Buying a home can be an exciting and intimidating process. You have to figure out how to vacate your current home, choose where you want to live, find the right lender and much more. With the sheer amount of steps involved, it can be easy to fall for misinformation around your credit and the part it plays in the mortgage process.
4 Common Homebuying Credit Myths
Myth #1: You need impeccable credit to buy a home
The reality: Having strong credit can help you look more attractive to lenders. It can help you secure a loan and access lower interest rates, which can lower your monthly payment and save you thousands of dollars over the lifetime of the loan.

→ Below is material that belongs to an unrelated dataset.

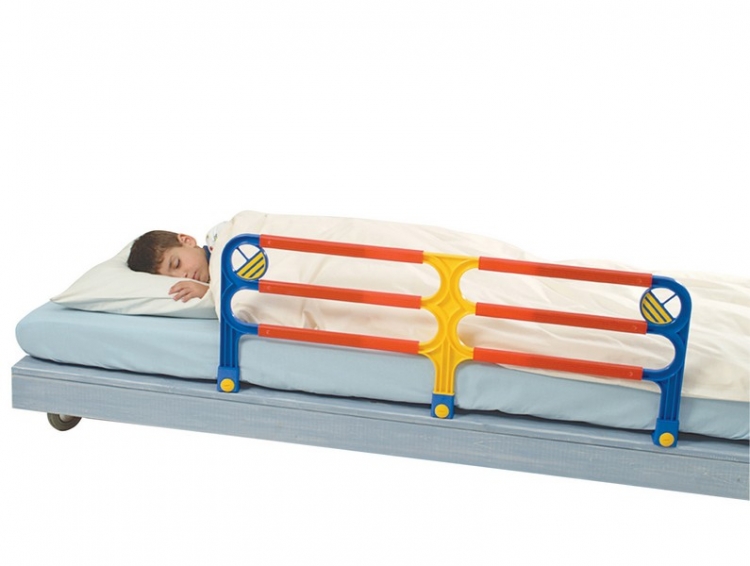 Бортик для кровати для ребенка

But while its prudent to present the highest credit score you possibly can, borrowers can qualify for mortgage loans with credit scores in the 600s or below.
Remember, credit reports and credit scores are only one part of your overall financial picture. Lenders can also look at your income, down payment amount, current debts and size of your loan.
Myth #2: All lenders offer the same rates and services
The reality: Don’t blindly pick the first mortgage lender you find on Google or through your agent. You can save a lot of money by shopping around for the best interest rate. Some lenders may have the ability to connect you with local loan programs or down payment assistance, so make sure to evaluate multiple lenders before you find the right one for you.
Myth #3: Shopping around for loans can hurt your credit
The reality: An inquiry into your credit by a lender is recorded on your credit report and can cause it to dip slightly. But multiple credit checks from mortgage lenders in a short time frame can only count as a single inquiry. This means you are free to request multiple pre-approvals and loan estimates from multiple lenders to find the best loan for you, without any added consequences to your credit.
Myth #4: You need to be debt free
The reality: No matter what types of debt you have, their existence doesn’t bar you from getting approved for a mortgage. If you can show that you can responsibly manage your debt and pay it back, having debt should not be a problem. The bigger issue is your debt-to-income ratio, or the amount of monthly income that you currently must use to make debt payments. A low debt-to-income ratio indicates that you have the ability to take on a mortgage, while a high debt-to-income ratio may signal that you are already overextended.